> [Listed records]:

● ● ● ● ● ● ●

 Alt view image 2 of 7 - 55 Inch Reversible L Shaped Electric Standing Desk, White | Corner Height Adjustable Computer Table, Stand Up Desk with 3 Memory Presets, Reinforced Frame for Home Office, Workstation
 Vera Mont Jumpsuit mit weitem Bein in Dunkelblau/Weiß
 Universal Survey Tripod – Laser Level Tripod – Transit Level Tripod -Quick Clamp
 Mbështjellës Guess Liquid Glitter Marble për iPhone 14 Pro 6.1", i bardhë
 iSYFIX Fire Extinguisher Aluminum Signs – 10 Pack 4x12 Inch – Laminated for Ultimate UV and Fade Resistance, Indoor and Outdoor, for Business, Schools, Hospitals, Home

● ● ● ● ● ● ●

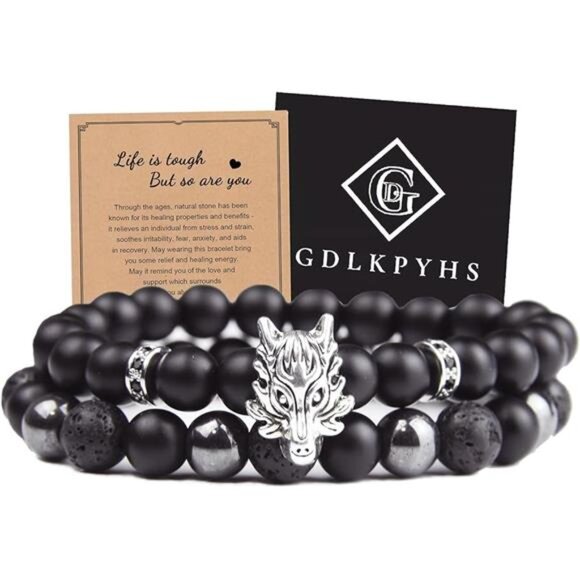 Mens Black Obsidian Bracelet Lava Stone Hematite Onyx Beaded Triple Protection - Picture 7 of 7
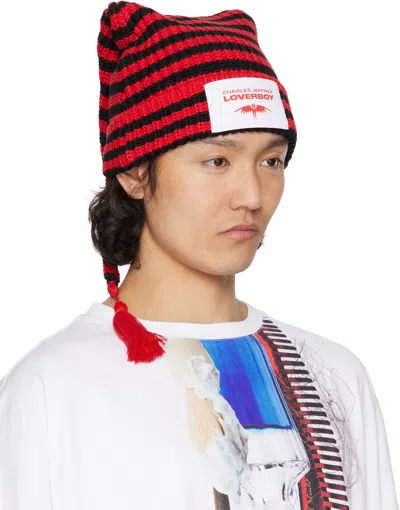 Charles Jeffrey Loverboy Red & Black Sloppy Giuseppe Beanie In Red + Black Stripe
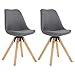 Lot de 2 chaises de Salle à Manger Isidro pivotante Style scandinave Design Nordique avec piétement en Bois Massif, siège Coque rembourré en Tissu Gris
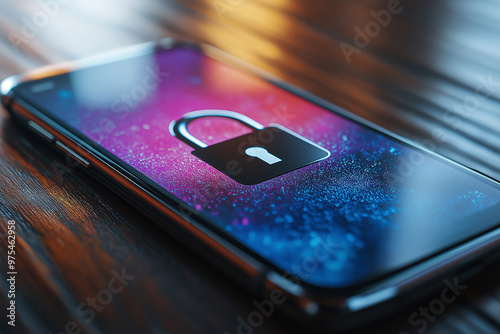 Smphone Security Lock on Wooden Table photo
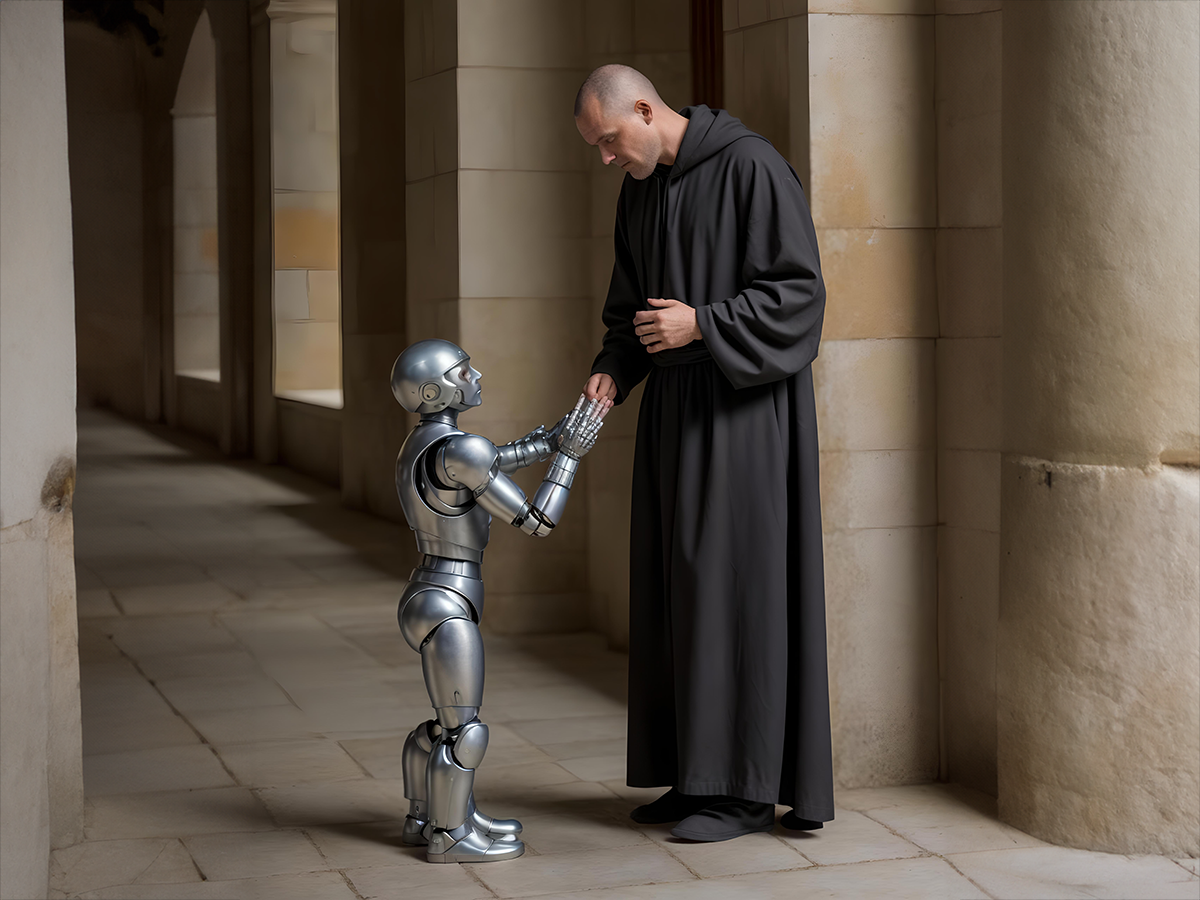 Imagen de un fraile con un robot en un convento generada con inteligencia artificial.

● ● ● ● ● ● ●

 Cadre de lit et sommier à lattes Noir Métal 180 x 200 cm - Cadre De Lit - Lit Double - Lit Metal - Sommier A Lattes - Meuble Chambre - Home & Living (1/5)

● ● ● ● ● ● ●

> [Work item]:
This exercise requires the lines of the entries containing the string "Inch".

> [Exercise answer]:
 Alt view image 2 of 7 - 55 Inch Reversible L Shaped Electric Standing Desk, White | Corner Height Adjustable Computer Table, Stand Up Desk with 3 Memory Presets, Reinforced Frame for Home Office, Workstation
 iSYFIX Fire Extinguisher Aluminum Signs – 10 Pack 4x12 Inch – Laminated for Ultimate UV and Fade Resistance, Indoor and Outdoor, for Business, Schools, Hospitals, Home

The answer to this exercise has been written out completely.